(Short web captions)
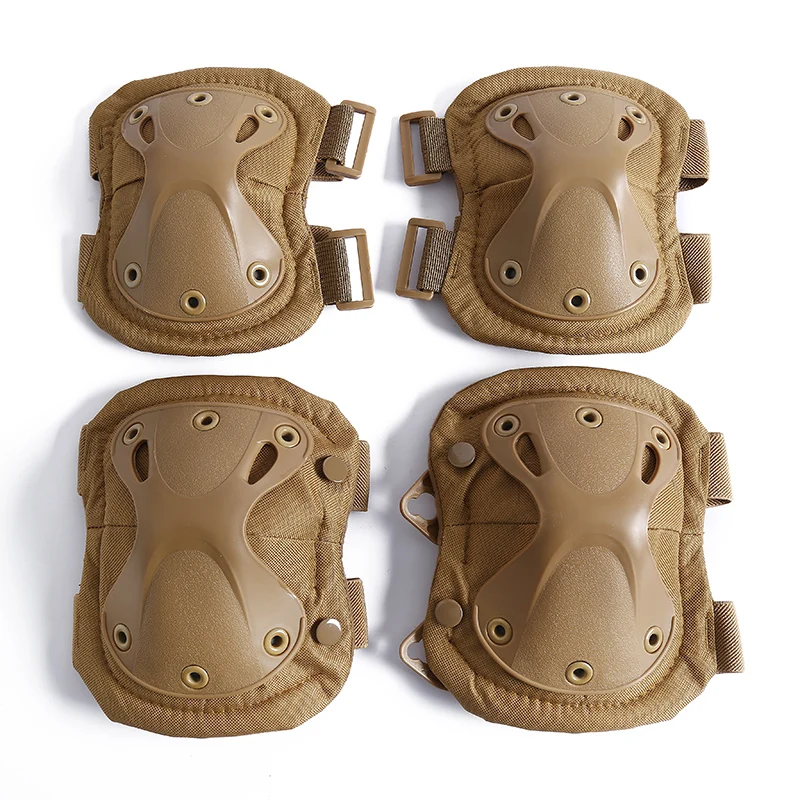 Tactical Adjustable Knee Elbow Protector Pads Set Airsoft Elbow Support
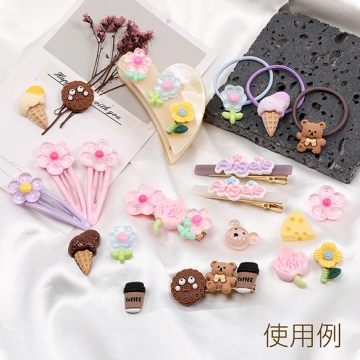 樹脂貼付けパーツ 樹脂カボション フラワー クリアカラー パープル ピンク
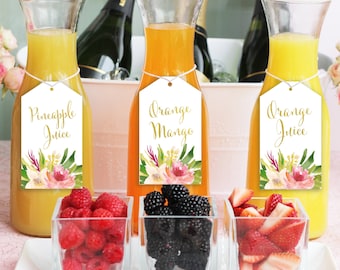 Mimosa Bar Juice Drink Tags - Mimosa Bar Labels for Bubbly Champagne Bars at Bridal Shower, Party, Tropical Pink Flowers & Greenery, Kaitlin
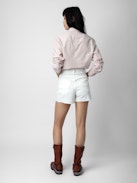 Sydna Shirt - Pale pink cotton long-sleeved shirt with stripes and customised details designed by Humberto Cruz.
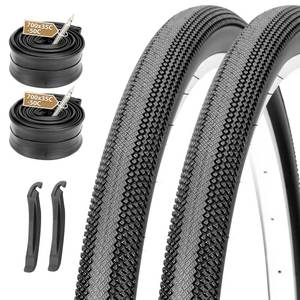 lot 7410 image: MOHEGIA Gravel Bike Tires 700x40c 2-Pack with Inner Tubes and Tire Levers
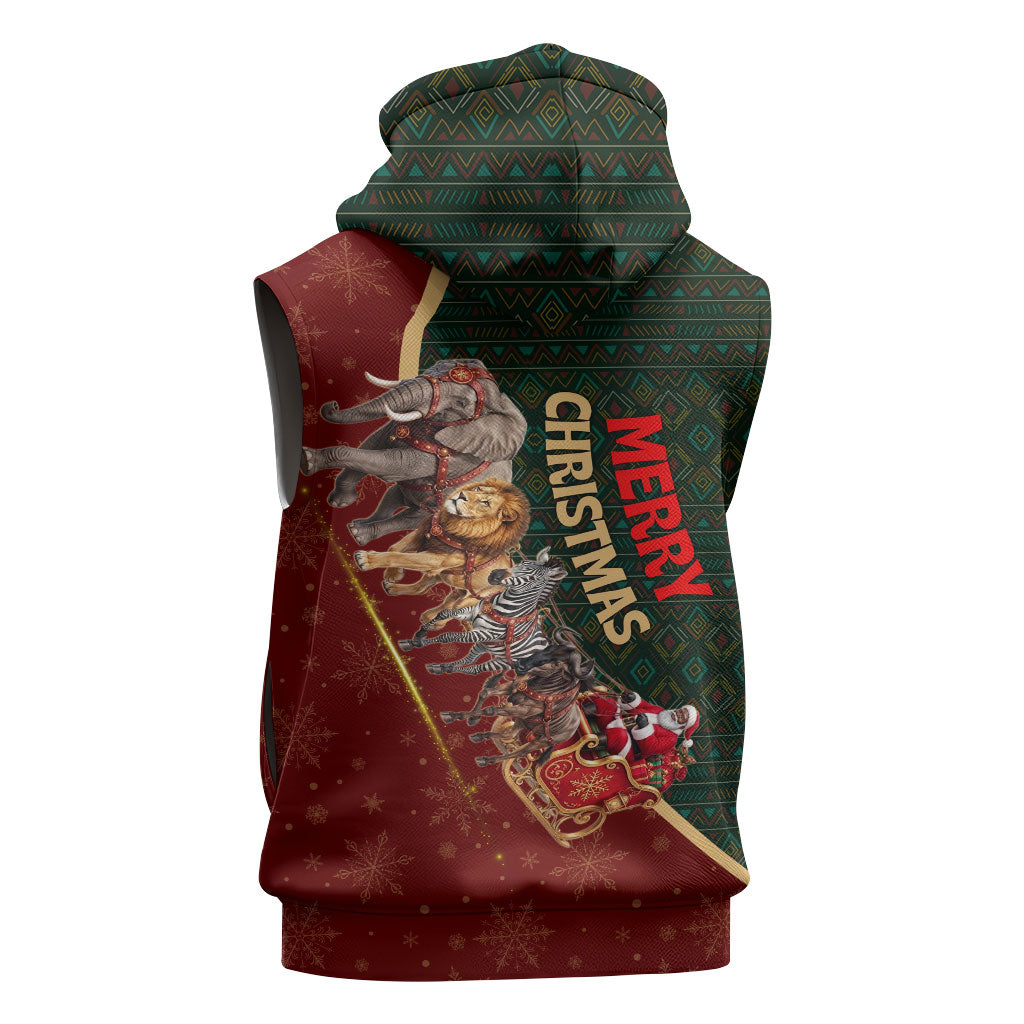 African Safari Animals Christmas Sleigh Sleeveless Hoodie Festive Wildlife Tribal Pattern Santa Sleigh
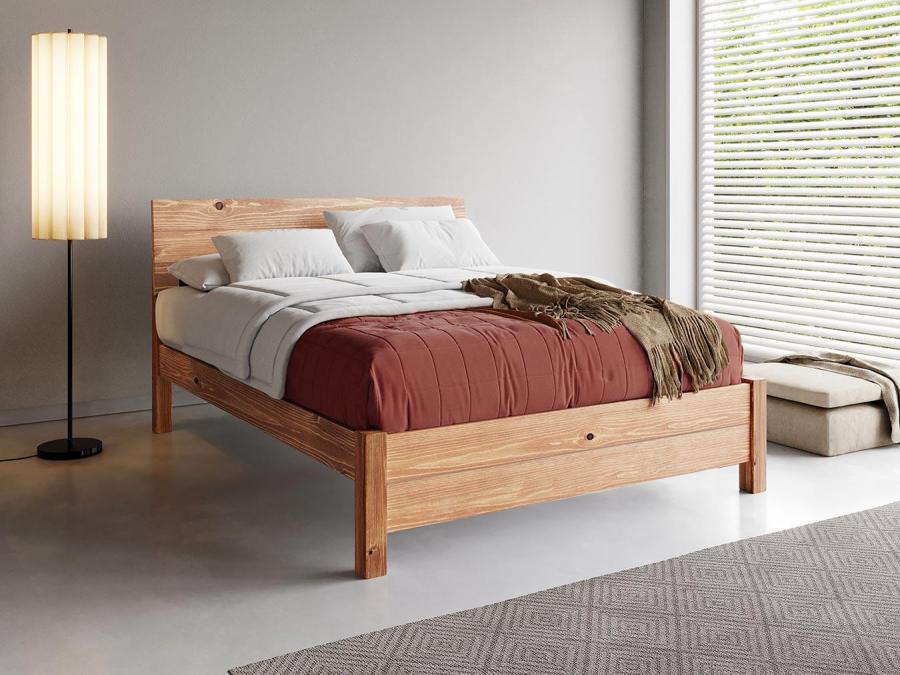 chelsea bed frame in solid wood cinnamon colour by get laid beds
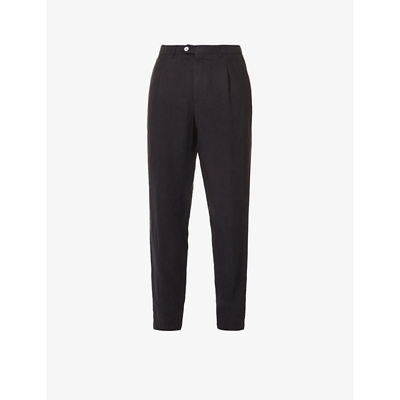 Shop Oscar Jacobson Delon Pleated Relaxed-fit Tapered Woven Trousers In Navy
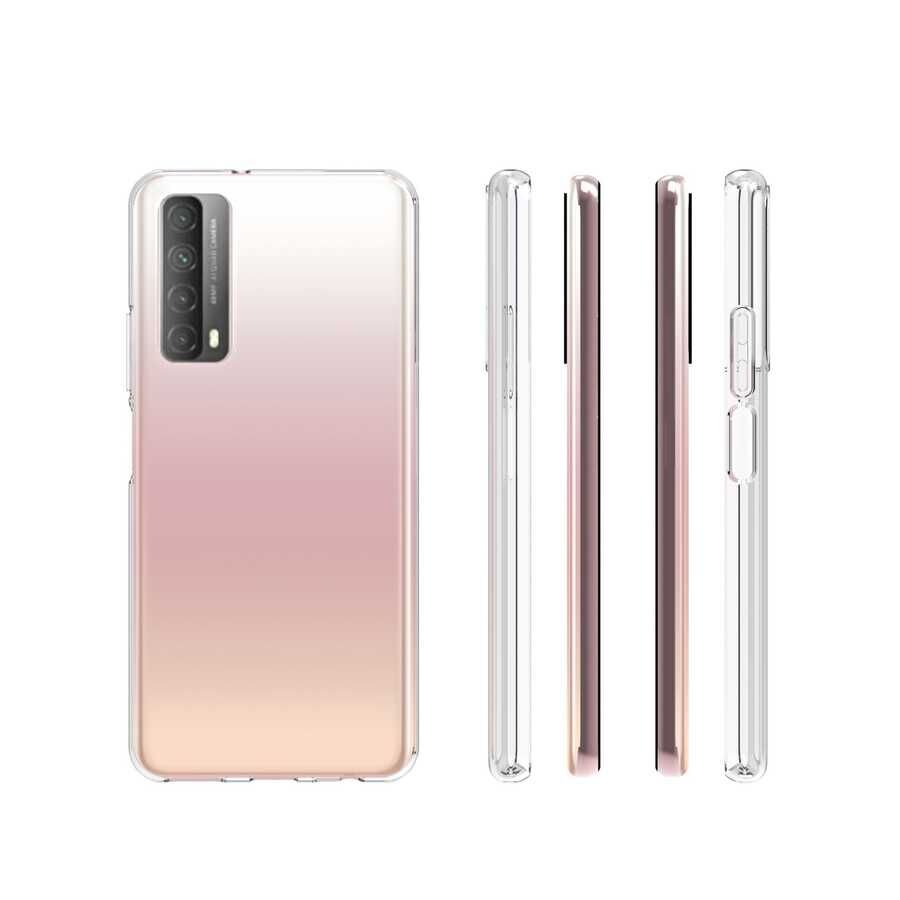 Huawei P Smart 2021 Şeffaf Kılıf Yumuşak İnce Tasarımlı Kapak (SÜPER) Renksiz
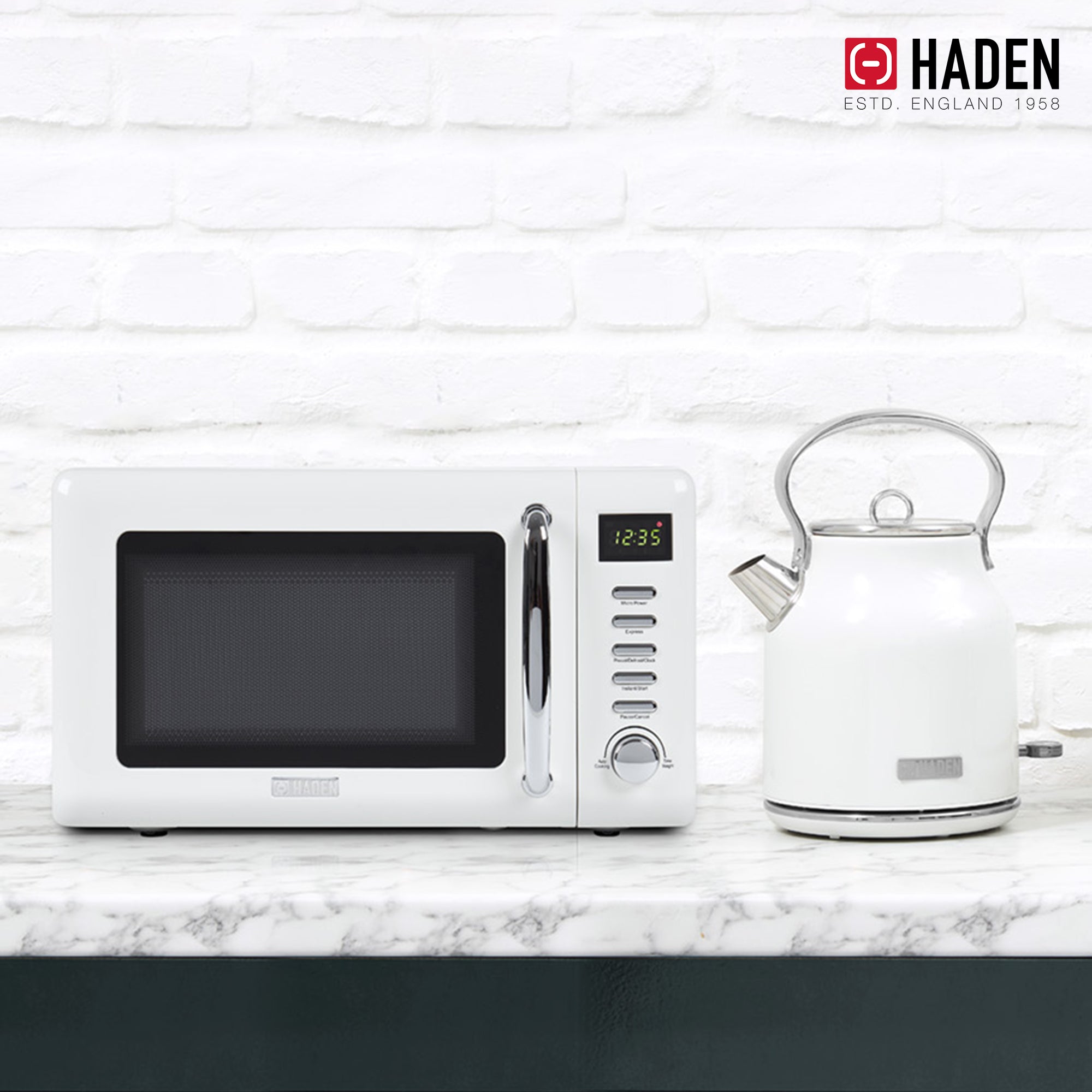 Haden Heritage Compact Microwave & 1.7L Electric Water Kettle, Ivory & Chrome - VMInnovations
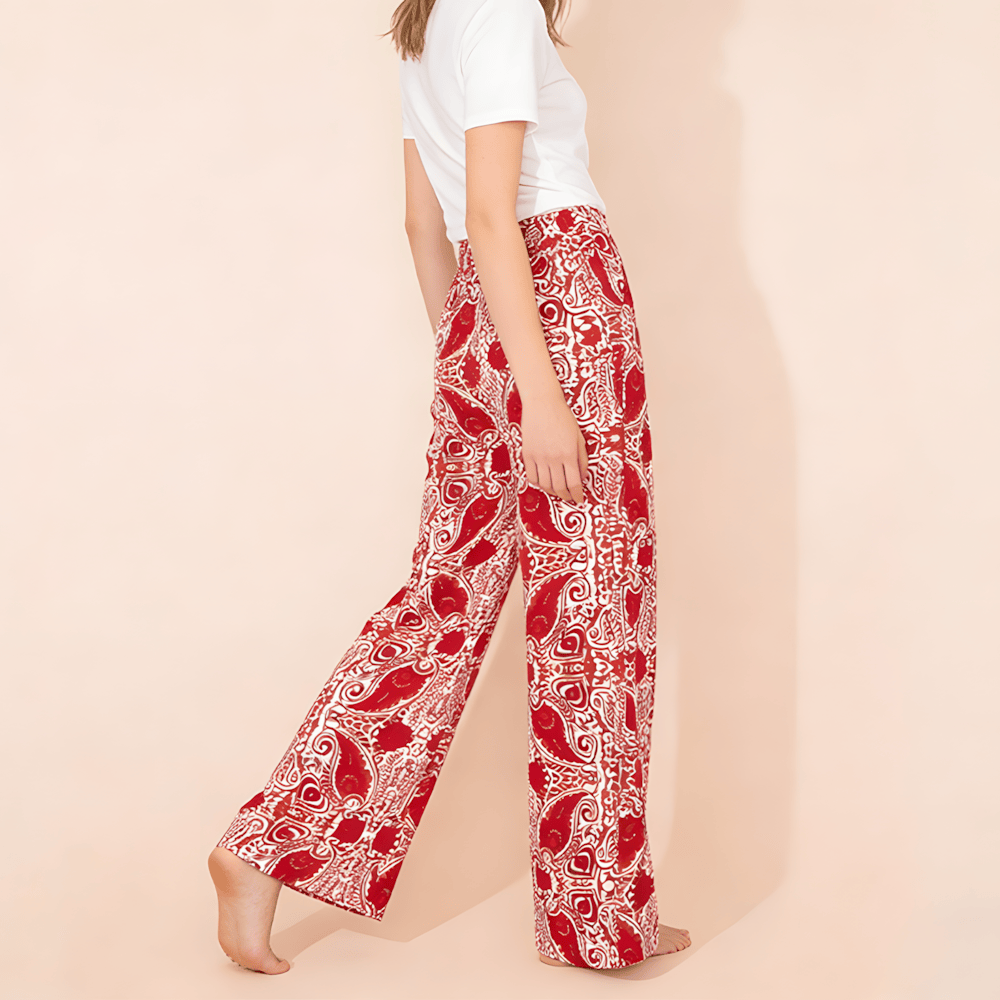 Olivenorma Pantaloni a gamba dritta con vita alta e stampa paisley da donna - image 4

◆ **Work instruction**: Without changing a word, transcribe all of the data and omit its images.

◆ **Completed exercise**:
 Tactical Adjustable Knee Elbow Protector Pads Set Airsoft Elbow Support
 樹脂貼付けパーツ 樹脂カボション フラワー クリアカラー パープル ピンク
 Mimosa Bar Juice Drink Tags - Mimosa Bar Labels for Bubbly Champagne Bars at Bridal Shower, Party, Tropical Pink Flowers & Greenery, Kaitlin
 Sydna Shirt - Pale pink cotton long-sleeved shirt with stripes and customised details designed by Humberto Cruz.
 lot 7410 image: MOHEGIA Gravel Bike Tires 700x40c 2-Pack with Inner Tubes and Tire Levers
 African Safari Animals Christmas Sleigh Sleeveless Hoodie Festive Wildlife Tribal Pattern Santa Sleigh
 chelsea bed frame in solid wood cinnamon colour by get laid beds
 Shop Oscar Jacobson Delon Pleated Relaxed-fit Tapered Woven Trousers In Navy
 Huawei P Smart 2021 Şeffaf Kılıf Yumuşak İnce Tasarımlı Kapak (SÜPER) Renksiz
 Haden Heritage Compact Microwave & 1.7L Electric Water Kettle, Ivory & Chrome - VMInnovations
 Olivenorma Pantaloni a gamba dritta con vita alta e stampa paisley da donna - image 4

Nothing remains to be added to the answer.